Até aí, ninguém (salvo os terroristas) iria reclamar, embora vozes isoladas, nos Estados Unidos, tenham alertado para a ameaça às liberdades que tais controles implicavam. Pois bem, ou pois mal, Bin Laden e Marulanda não foram apanhados até agora mas em compensação os mecanismos de “monitoramento” extrapolaram os limites da CIA e ganharam os provedores de internet, muito especialmente aquele que hoje é o maior deles, o Google. Sim, pois além de ler o que está nos sites e blogs do mundo inteiro (pela nobre causa de facilitar a pesquisa dos internautas, é claro) e de monitorar tudo o que cada usuário pesquisa na rede, o Google teve a brilhante idéia de oferecer emails gratuitos (e eficazes) no mundo todo e assim poder bisbilhotar tudo o que se escreve de e para os endereços gmail. Comenta-se que o Google possui hoje um “algoritmo” secreto que, em milésimos de segundo, “lê” todas as palavras (e combinações de palavras) de uma mensagem, em qualquer língua, passa-a por seus sofisticados “filtros” e decide se ela deve ser entregue intacta ao destinatário, classificada como “spam” ou simplesmente bloqueada.
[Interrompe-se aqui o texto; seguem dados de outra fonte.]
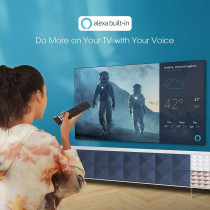 Hisense 75 inch Smart TV - 4K, 75A6, 1 Years Warranty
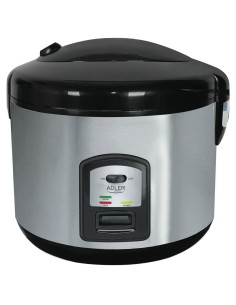 cuiseur à riz Adler AD 6406 Noir Gris 1000 W 1,5 L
Se isto não é invasão de privacidade ou, pior ainda, violação de correspondência, então vai ser preciso mudar esses conceitos. Claro que o Google, como outros provedores de menor poder de fogo, faz isso “em defesa dos seus clientes”, para protegê-los do “spam”. Já li regulamentos de provedores brasileiros que dizem que seu sistema “anti-spam” é para “proteger a privacidade dos clientes”! Ou seja, para proteger a sua privacidade e a minha eles primeiro a invadem! Mas como as intenções são boas você e eu só lhes devemos agradecimentos por lerem nossos emails.
Mas será que as intenções são boas mesmo, totalmente desinteressadas? Ou será que o big brother Google e seus irmãozinhos menores combatem tão acirradamente as mensagens de propaganda na internet (classificadas todas como “spam”) justamente para que a única forma viável de anunciar na rede seja pelos anúncios “patrocinados” em suas páginas de busca? Eu não acredito em coincidências, principalmente quando favorecem os grandões, sejam eles privados, como os provedores, ou públicos, como ditadores e aspirantes a, mesmo que “de esquerda”, ou simplesmente “autoridades” desejosas de impedir que circulem informações negativas sobre elas. Por essas e outras é que o projeto de controle da internet no Brasil, que está a um passo de ser aprovado no Senado, merece o total repúdio da imprensa. Até porque se a internet é amordaçada hoje a imprensa toda poderá ser amanhã. Vide Chavez.
Em tempo: coincidência ou não, poucos dias após o editorial do Estado e a publicação desta coluna, o criticado projeto foi tirado da pauta do Senado.